Now, as the fighting has ramped up almost daily since early last month, the President said today that it was one of the options on the table.

The Washington time is reporting:

U.S. policymakers have proposed shipping defensive weapons such as antitank missiles, surveillance drones and advanced radar to the Ukrainian army. President Obama is considering it.

So then, while our allies are calling for more economic sanctions on Russia, our government is calling for military supplies.

Fox reports:

“It is true that if in fact diplomacy fails, what I’ve asked my team to do is look at all options,” Obama said. “The possibility of lethal defensive weapons is one of those options that’s being examined.”

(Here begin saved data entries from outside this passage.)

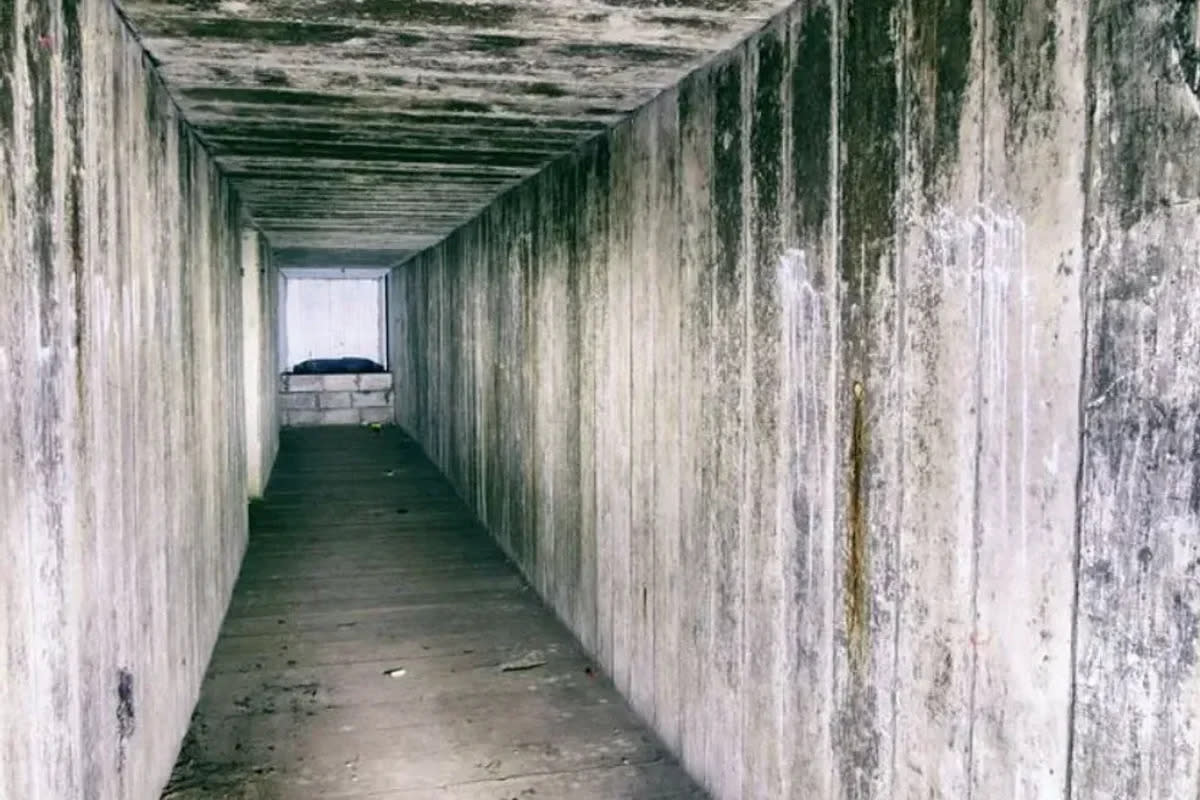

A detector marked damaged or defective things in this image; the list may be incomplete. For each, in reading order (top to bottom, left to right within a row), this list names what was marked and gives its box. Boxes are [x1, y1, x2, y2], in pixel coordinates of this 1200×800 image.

rust stain on wall [844, 381, 873, 671]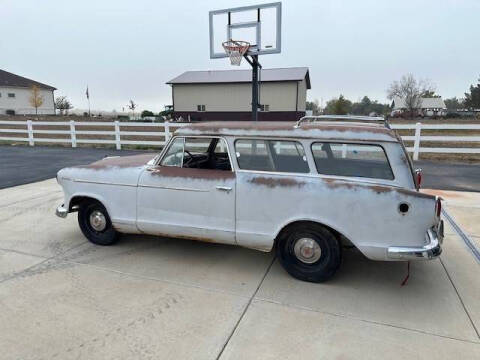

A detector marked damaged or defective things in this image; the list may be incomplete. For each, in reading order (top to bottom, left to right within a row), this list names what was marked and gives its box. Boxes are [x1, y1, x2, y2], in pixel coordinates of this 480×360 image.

rust patch on car roof [75, 153, 157, 170]
rusty station wagon [57, 116, 446, 282]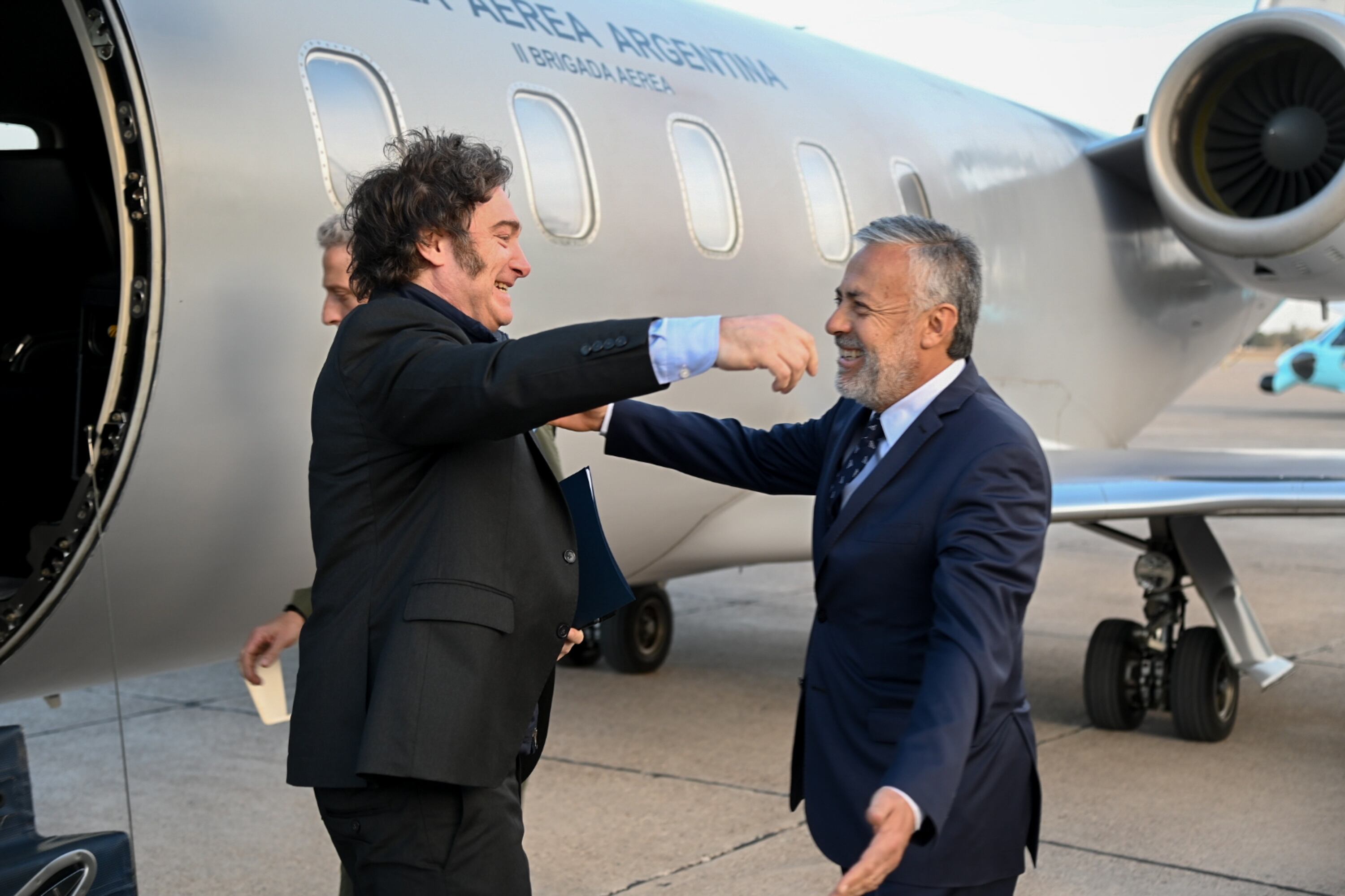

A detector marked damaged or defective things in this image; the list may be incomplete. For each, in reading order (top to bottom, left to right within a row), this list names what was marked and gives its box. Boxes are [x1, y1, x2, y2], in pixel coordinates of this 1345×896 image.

crack in pavement [535, 753, 785, 796]
crack in pavement [603, 818, 807, 887]
crack in pavement [1033, 839, 1340, 893]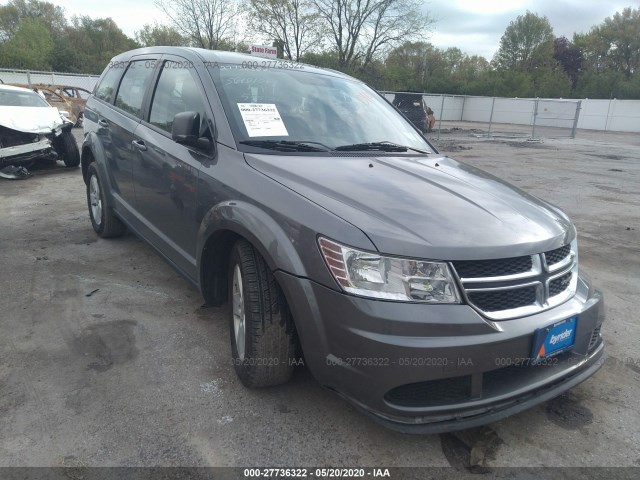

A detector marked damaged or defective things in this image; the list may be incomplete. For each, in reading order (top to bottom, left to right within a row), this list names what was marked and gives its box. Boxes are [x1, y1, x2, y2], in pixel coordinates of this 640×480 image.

damaged white car [0, 84, 80, 169]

We have discussed the possibility of this developing into a proxy war between the U.S. and Russia. This would look much like what we saw during the Russian/Afghan war of the 1980’s. This would be a conflict in which we send equipment and train the Ukrainians to use it and the Russians do the same with the rebels. But, if Russia handles this Cold War anything like the old Cold War, they will not hesitate to send pilots with their jets.

Further, we have to ask what effect this will have on our relations with EU leaders? German Chancellor Angela Merkel has been unambiguous about Germany’s refusal to provide arms to Ukraine.

Fox reports:

The question of whether to provide lethal military support to Ukraine represents a potential split between Obama and Merkel. The White House has said Obama is reconsidering his opposition to arming Ukraine given a recent surge in violence, while Merkel has adamantly opposed such steps. The U.S. and Europe have largely been in lockstep in their response to the conflict between Russia and Ukraine, raising the prospect that the public divide on lethal aid was merely a tactic to push Russian President Vladimir Putin to accept a peace plan.

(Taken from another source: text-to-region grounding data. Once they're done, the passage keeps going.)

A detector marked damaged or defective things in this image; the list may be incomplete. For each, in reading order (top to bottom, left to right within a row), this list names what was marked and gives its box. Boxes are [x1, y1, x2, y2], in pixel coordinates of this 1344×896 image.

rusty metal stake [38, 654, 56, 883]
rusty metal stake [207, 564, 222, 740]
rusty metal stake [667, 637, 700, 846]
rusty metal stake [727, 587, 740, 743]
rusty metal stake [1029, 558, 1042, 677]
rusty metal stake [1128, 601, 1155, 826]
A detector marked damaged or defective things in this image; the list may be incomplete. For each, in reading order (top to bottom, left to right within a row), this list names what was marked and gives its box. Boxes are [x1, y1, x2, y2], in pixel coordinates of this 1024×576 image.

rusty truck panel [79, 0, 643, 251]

French leader Francois Hollande has also favored continued and stronger economic sanctions on Russia rather than the giving of military aid. He and Merkel will attend the summit in Minsk with Putin and Ukrainian President Petro Poroshenko. They will discuss ways to stop the fighting and seek a settlement.

But the President does not believe that such talks or economic sanctions will work.

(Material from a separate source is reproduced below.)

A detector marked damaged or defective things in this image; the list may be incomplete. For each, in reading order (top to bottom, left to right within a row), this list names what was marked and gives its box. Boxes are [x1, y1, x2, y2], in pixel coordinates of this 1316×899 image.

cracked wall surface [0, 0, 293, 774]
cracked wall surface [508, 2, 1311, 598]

He said it’s clear the Russians “violated just about every commitment they made” in a recent agreement. He added, “If Russia continues on its current course … Russia’s isolation will only worsen both politically and economically.”

It may be too little too late now, as the Russian supported rebels are making vast gains. The Ukrainians are outnumbered and out matched. An escalation might only widen the conflict. What is the difference if we are not willing to do what it takes to win in Ukraine?

If we are not going to do this wholeheartedly, then we need to stay out of it altogether.